"""
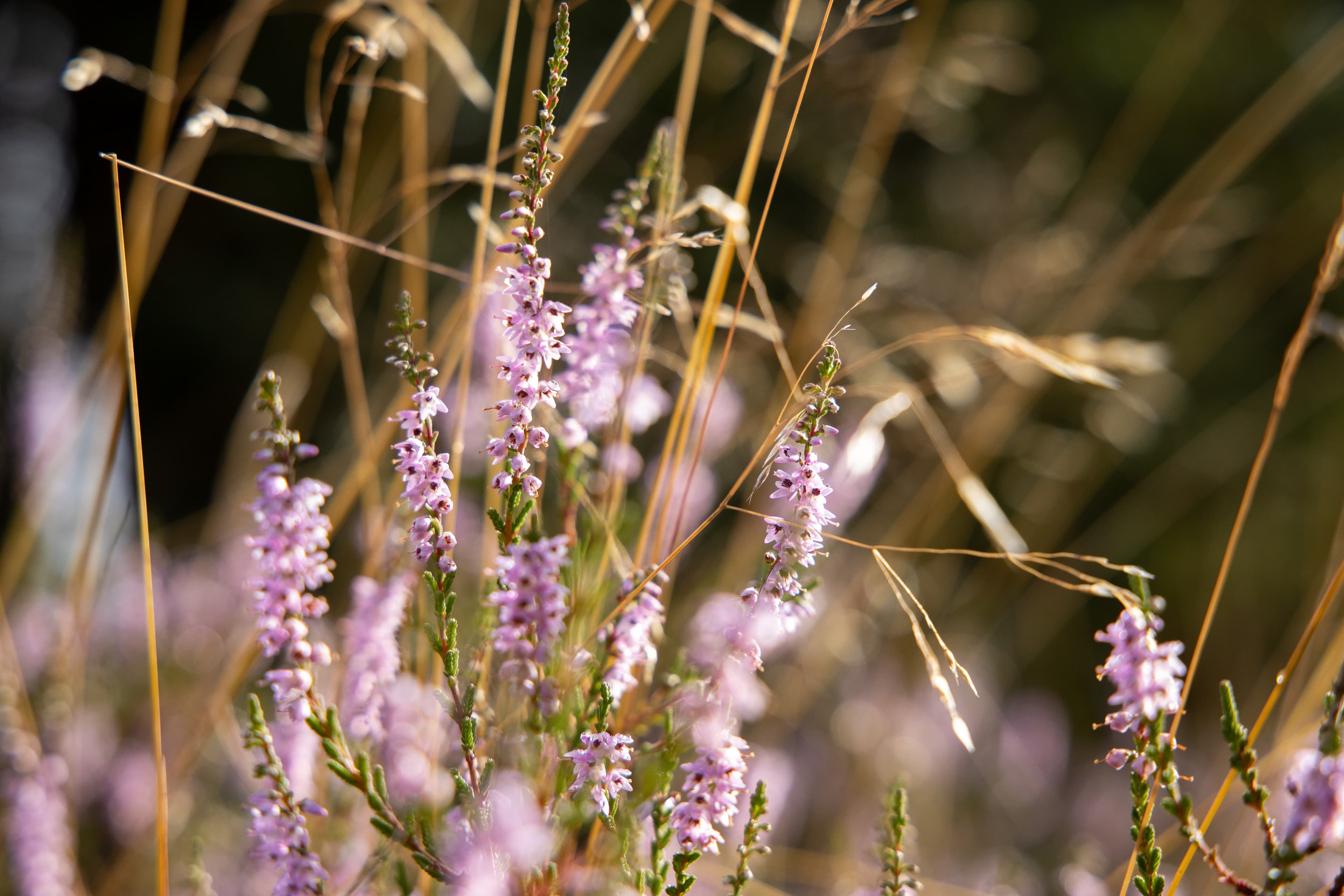 Heideblüte Ellerndorfer Wachholderheide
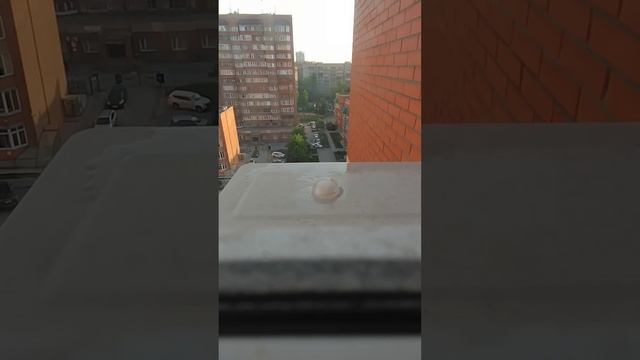 Лёд эффектно растворяется смотреть онлайн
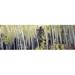 Panoramic Images PPI134310L Aspen trees in a forest Aspen Pitkin County Colorado USA Poster Print by Panoramic Images - 36 x 12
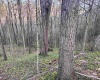 Lot 1 Low Gap Run Road, Littleton, West Virginia 26581, ,Lots/land,For Sale,Low Gap Run,10164389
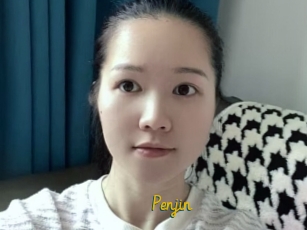 Penjin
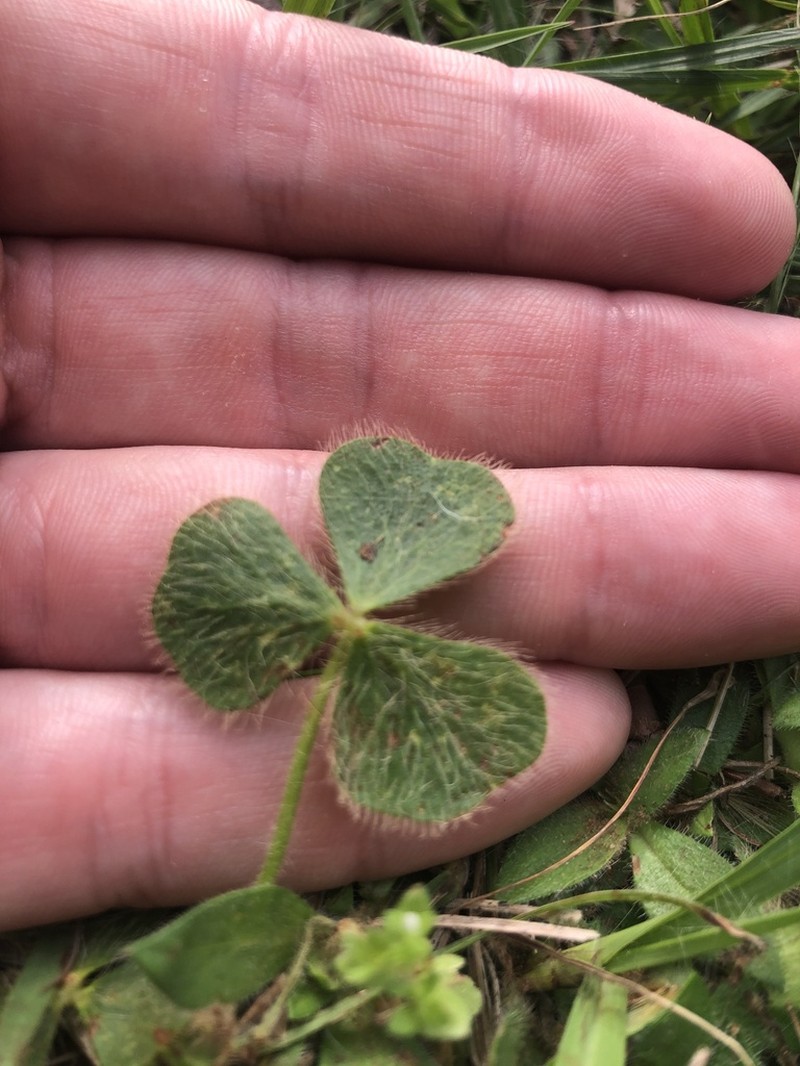 Oxalis eriocarpa photo 6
"""
What the task requires: Return nothing except the lines from the line with "Lot 1 Low Gap" through the last line of the records above, copied exactly and without pictures.

Exercise result:
 Lot 1 Low Gap Run Road, Littleton, West Virginia 26581, ,Lots/land,For Sale,Low Gap Run,10164389
 Penjin
 Oxalis eriocarpa photo 6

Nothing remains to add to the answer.